Required work: Below are the entries. Transcribe exactly the lines from the one with "Hot Selling Moringa" through the one with "Pretty Pumpkin Plush Pen (assorted)", ends included, and leave out all others.

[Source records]
⟨
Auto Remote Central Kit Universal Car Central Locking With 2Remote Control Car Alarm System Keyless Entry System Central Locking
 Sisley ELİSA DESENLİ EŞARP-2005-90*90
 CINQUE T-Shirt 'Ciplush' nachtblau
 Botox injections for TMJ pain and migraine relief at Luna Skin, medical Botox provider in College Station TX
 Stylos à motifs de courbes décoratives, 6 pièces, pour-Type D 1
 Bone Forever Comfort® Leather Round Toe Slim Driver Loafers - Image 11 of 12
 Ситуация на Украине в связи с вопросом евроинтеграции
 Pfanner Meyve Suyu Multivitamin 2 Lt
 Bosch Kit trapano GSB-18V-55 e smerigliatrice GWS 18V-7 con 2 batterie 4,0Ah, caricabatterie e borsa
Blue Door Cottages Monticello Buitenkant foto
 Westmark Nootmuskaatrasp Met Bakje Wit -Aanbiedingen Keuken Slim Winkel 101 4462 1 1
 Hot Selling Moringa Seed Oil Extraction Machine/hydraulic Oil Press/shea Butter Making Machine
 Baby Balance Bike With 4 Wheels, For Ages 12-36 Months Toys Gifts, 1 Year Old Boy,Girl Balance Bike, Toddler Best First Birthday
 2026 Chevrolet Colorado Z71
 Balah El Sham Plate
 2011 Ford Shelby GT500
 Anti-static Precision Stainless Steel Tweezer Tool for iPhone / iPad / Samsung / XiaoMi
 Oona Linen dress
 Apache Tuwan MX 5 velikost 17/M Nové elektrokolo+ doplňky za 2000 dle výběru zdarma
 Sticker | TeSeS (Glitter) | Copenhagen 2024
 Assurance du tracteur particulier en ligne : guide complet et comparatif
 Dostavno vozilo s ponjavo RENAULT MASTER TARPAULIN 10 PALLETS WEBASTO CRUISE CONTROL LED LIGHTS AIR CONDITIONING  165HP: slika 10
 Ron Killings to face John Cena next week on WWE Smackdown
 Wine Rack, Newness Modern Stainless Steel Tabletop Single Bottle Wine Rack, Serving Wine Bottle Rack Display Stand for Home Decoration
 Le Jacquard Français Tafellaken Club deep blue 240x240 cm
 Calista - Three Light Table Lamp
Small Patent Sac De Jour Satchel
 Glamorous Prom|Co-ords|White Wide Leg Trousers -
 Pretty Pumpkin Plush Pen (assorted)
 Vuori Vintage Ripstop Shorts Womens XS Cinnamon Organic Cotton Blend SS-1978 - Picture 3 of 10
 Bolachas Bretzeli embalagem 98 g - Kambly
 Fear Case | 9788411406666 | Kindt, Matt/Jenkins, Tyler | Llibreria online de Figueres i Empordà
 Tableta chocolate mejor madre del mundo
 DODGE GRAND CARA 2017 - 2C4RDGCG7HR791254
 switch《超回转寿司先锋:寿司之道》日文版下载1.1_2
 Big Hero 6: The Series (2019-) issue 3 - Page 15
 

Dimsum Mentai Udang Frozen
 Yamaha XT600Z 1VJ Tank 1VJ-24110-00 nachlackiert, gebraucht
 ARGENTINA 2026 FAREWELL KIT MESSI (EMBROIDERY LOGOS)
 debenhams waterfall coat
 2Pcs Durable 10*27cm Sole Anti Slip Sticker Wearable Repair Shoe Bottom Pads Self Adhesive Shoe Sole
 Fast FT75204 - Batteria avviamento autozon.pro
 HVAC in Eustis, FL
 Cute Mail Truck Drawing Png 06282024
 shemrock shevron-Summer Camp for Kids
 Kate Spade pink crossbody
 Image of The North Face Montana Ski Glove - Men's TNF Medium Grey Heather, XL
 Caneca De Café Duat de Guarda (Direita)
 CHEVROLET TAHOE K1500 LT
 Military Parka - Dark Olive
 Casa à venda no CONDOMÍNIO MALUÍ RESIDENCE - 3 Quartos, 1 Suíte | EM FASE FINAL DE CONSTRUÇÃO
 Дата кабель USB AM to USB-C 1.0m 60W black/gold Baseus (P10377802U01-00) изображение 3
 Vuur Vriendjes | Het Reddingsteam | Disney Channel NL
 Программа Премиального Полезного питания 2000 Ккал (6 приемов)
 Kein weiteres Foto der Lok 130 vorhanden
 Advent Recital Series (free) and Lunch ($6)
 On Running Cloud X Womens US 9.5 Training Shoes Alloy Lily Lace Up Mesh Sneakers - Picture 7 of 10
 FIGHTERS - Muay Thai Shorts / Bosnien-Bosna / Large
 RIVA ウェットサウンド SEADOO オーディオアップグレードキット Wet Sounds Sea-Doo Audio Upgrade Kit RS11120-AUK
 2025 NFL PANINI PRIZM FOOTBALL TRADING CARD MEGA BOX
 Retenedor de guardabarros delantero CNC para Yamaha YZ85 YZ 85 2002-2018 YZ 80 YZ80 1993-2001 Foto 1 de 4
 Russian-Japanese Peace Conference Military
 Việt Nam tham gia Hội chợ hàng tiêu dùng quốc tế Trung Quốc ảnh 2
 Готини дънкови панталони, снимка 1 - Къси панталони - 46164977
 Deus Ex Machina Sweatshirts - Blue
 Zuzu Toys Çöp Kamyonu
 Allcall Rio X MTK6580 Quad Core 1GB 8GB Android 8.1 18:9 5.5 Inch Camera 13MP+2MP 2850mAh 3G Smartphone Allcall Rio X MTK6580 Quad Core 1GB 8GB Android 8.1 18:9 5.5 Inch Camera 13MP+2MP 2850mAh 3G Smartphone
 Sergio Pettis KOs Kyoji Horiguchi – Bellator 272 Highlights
⟩
Exercise solution:
 Hot Selling Moringa Seed Oil Extraction Machine/hydraulic Oil Press/shea Butter Making Machine
 Baby Balance Bike With 4 Wheels, For Ages 12-36 Months Toys Gifts, 1 Year Old Boy,Girl Balance Bike, Toddler Best First Birthday
 2026 Chevrolet Colorado Z71
 Balah El Sham Plate
 2011 Ford Shelby GT500
 Anti-static Precision Stainless Steel Tweezer Tool for iPhone / iPad / Samsung / XiaoMi
 Oona Linen dress
 Apache Tuwan MX 5 velikost 17/M Nové elektrokolo+ doplňky za 2000 dle výběru zdarma
 Sticker | TeSeS (Glitter) | Copenhagen 2024
 Assurance du tracteur particulier en ligne : guide complet et comparatif
 Dostavno vozilo s ponjavo RENAULT MASTER TARPAULIN 10 PALLETS WEBASTO CRUISE CONTROL LED LIGHTS AIR CONDITIONING  165HP: slika 10
 Ron Killings to face John Cena next week on WWE Smackdown
 Wine Rack, Newness Modern Stainless Steel Tabletop Single Bottle Wine Rack, Serving Wine Bottle Rack Display Stand for Home Decoration
 Le Jacquard Français Tafellaken Club deep blue 240x240 cm
 Calista - Three Light Table Lamp
Small Patent Sac De Jour Satchel
 Glamorous Prom|Co-ords|White Wide Leg Trousers -
 Pretty Pumpkin Plush Pen (assorted)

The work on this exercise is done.